Google and OpenAI Compete for Developer Attention
OpenAI recently announced the launch of fine-tuning for GPT-4o, addressing a highly requested feature from developers. As part of the rollout, the company is offering 1 million training tokens per day for free to all organisations through September 23.
The cost for fine-tuning GPT-4o is set at $25 per million tokens. For inference, the charges are $3.75 per million input tokens and $15 per million output tokens. Additionally, GPT-4o mini fine-tuning is available to developers across all paid usage tiers.
This development comes after Google recently reduced the input price by 78% to $0.075/1 million tokens and the output price by 71% to $0.3/1 million tokens for prompts under 128K tokens (cascading the reductions across the >128K tokens tier as well as caching) for Gemini 1.5 Flash.
Moreover, Google is giving developers 1.5 billion tokens for free everyday in the Gemini API. The Gemini 1.5 Flash free tier includes 15 requests per minute (RPM), 1 million tokens per minute (TPM), and 1,500 requests per day (RPD). Users also benefit from free context caching, allowing up to 1 million tokens of storage per hour, as well as complimentary fine-tuning services.
Logan Kilpatrick, Lead at Google AI Studio, said that they are likely to offer free tokens for the next several months.
Meanwhile, OpenAI recently launched GPT-4o mini, priced at $0.15 per million input tokens and $0.60 per million output tokens. This model is significantly more affordable than previous frontier models and over 60% cheaper than GPT-3.5 Turbo. The GPT-4o mini retains many of GPT-4o’s capabilities, including vision support, making it suitable for a broad range of applications.
Additionally, OpenAI has reduced the price of GPT-4o. With the new GPT-4o-2024-08-06, developers can save 50% on input tokens ($2.50 per million) and 33% on output tokens ($10.00 per million) compared to the GPT-4o-2024-05-13 model.

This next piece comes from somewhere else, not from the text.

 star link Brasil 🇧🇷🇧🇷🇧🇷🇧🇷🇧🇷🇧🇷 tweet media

https://x.com/ofermend/status/1822783034296512597
Meta’s Llama 3.1 is a Game Changer
According to Harneet Singh, founder of Rabbitt AI, Meta’s latest model, Llama 3.1 70B, is the most cost-effective option, priced at $0.89 per million tokens while offering capabilities similar to OpenAI’s GPT-4o. “This cost-benefit ratio makes it an attractive choice for budget-conscious enterprises,” he said.

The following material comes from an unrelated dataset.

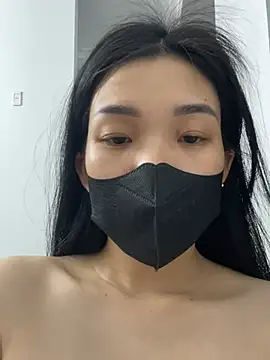 KieuLinh2k4 webcam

The company used Groq’s hosted APIs for Llama 3.1.
Llama 3.1 70B model has an input token price of $0.59 per million tokens and an output token price of $0.79 per million tokens, with a context window of 8,000 tokens on Groq.

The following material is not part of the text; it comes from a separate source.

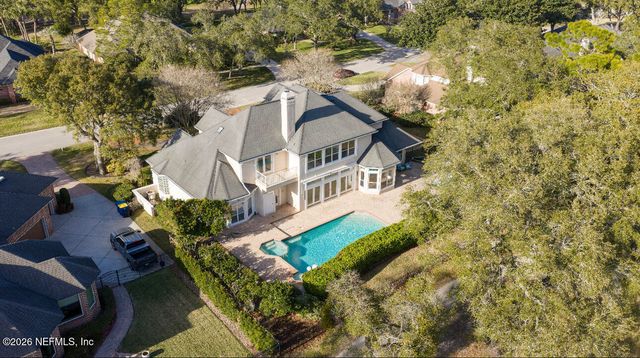 12788 MUIRFIELD Boulevard N, Jacksonville, FL 32225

In contrast, the 8B model features a more affordable pricing structure, with input tokens costing $0.05 per million and output tokens priced at $0.08 per million, also with a context window of 8,000 tokens.
In comparison, the inference of Llama 3.1 405B costs $3 per 1M tokens and $5.00 per million output tokens on Fireworks.
“I don’t think it’s possible to make it cheaper without some loss in quality. GPT-4o mini offering a comparable quality costs $0.15 per 1M input tokens and $0.6 per 1M output tokens (and half this price when called in batches),”said Andriy Burkov, machine learning lead at TalentNeuron.
“The math here is broken. Either OpenAI managed to distill a ~500B parameter model into a ~15B parameter model without a quality loss or they use crazy dumping. Any ideas?,” he pondered.
Conclusion
While open-source models like Llama 3.1 70B offer remarkable cost efficiency, proprietary models such as GPT-4o deliver unparalleled quality and speed, albeit at a higher price point.
GPT-4o provides the most comprehensive multimodal capabilities, supporting text, image, audio, and video inputs. It is suitable for applications requiring diverse input types and real-time processing.
Gemini 1.5 Flash integration with Google’s ecosystem can be a significant advantage for businesses already using Google’s services, offering seamless integration and additional functionalities.
The choice of model thus largely depends on the specific needs and budget constraints of the enterprise.